> My thesis so far is something like "you should try to write little proofs in your head about your code." But there's actually a secret dual version of this post, which says "you should try to write your code in a form that's easy to write little proofs about."
Easier said than done. It is certainly feasible on greenfield projects where all the code is written by you (recently), and you have a complete mental model of the data layout and code dependencies. It's much harder to prove stuff this way when you call foo(), bar() and baz() across unit boundaries, when they modify global state and are written by different developers.
A part of "being a good developer" is being able to evolve systems in this direction. Real systems are messy, but you can and should be thoughtful about:
1. Progressively reducing the number of holes in your invariants
2. Building them such that there's a pit of success (engineers coming after you are aware of the invariants and "nudged" in the direction of using the pathways that maintain them). Documentation can help here, but how you structure your code also plays a part (and is in my experience the more important factor)
yeah, this is what i was trying to get at with that notion of "proof-affinity"; imo a well-structured codebase is one in which you can easily prove stuff to yourself about code you didn't necessarily write
I think your frustration is illustrative, actually: the reason mutable global state is bad is because in order to prove that a piece of code reading it is correct, you have to know what _the entire rest of the program_ is doing.

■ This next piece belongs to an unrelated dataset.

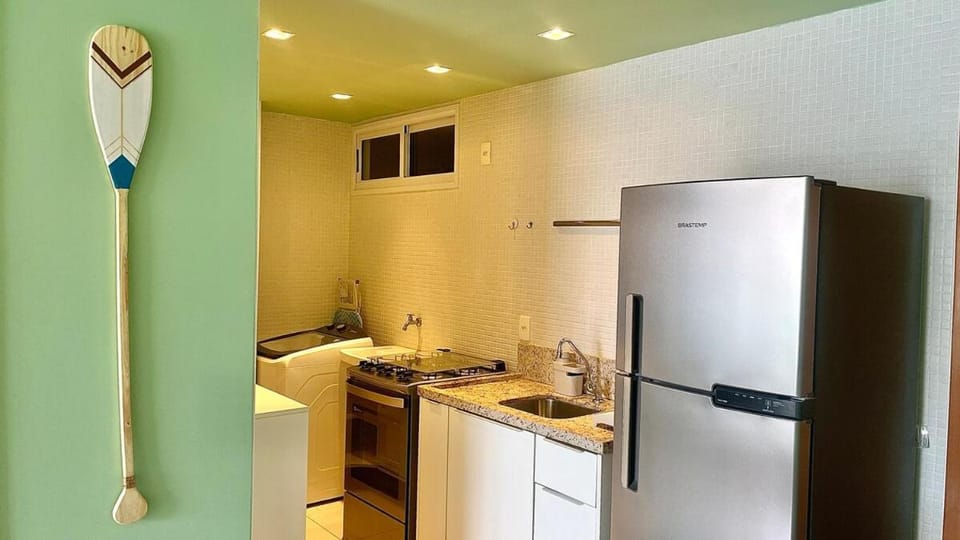 Kitchen or kitchenette, Communal kitchen, kitchen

If, instead, you make the global variable immutable, make the state variable into a function argument, or even wrap the mutable global state in some kind of helper class, then you only need to know what the callers of certain functions are doing. The visibility of those functions can be limited. Caller behavior can be further constrained with assertions inside the function. All of these (can) make it easier to prove that the reader is correct.
I think most programmers already do this, actually; they just don't think of their decisions this way.
It’s a good direction to follow, but it can only get you so far. Some pieces of code do naturally evolve into a functional formalism, while others are inherently imperative. Usually, the top levels of your program (event loop) are imperative and deal with stateful “devices” like IO, the screen and storage subsystems. The “leaf” functions from the call graph can be functional, but you still can’t reason about the whole program when it is imperative at the top.
Yes, but if you can actually drive all that out to the very top level and leave everything everything else clean, that’s a huge improvement over how many programs are structured.
> It's much harder to prove stuff this way when you call foo(), bar() and baz() across unit boundaries, when they modify global state and are written by different developers.
I think this reinforces the article's point.
Code like this is much more likely to contain bugs and be harder to maintain without introducing more bugs, than programs written from the outset with this goal of "provability".
And in fact, when you look at formally proven code, 80% of the shtick is reducing complexity of mutation to something tractable. That's valuable whether or not you then actually go through the process of formally proving it.
I just finished cave diving in a code base that's had a very old ticket to clean up the mess.
I went in with 3 tickets in mind to fix. I found half a dozen more while I was down there, and created 2 myself. I don't know if I got off easy or I was distracted and missed things.
The other project I'm working on is not dissimilar. Hey did you guys know you have a massive memory leak?
This made me think how I constantly rethink my approach to coding and learning how to do it “right” over and over.
I wonder if someone like a John Carmack is just like… yeah I got it or he also is constantly feeling like he was bad 5 years ago and is doing it “better” now.
This is an important point I like to mention to people. Thinking back to old code you wrote and how you would choose to do it better than you originally did it a sign of growth, and if that stops happening after a certain point, it's a sign you've stopped growing. Given that the best programmers in the world still don't write perfectly bug-free code, I don't have any illusions that there will always be plenty of room for me to continue improving as a programmer, so I consider having those thoughts to be an unequivocally good thing. I'd honestly be a bit wary of anyone who didn't think they needed to learn or grow any more as a programmer!
> when they modify global state and are written by different developers.
Once cancer has metastasized, the treatment plans are more aggressive and less pleasant. The patient can still be saved in many cases, but that depends on a lot of external factors.
Even then, you can get a map of "safe" and "unsafe" locations in the codebase, I.e. you can get a mental model of which functions modify global state and which don't.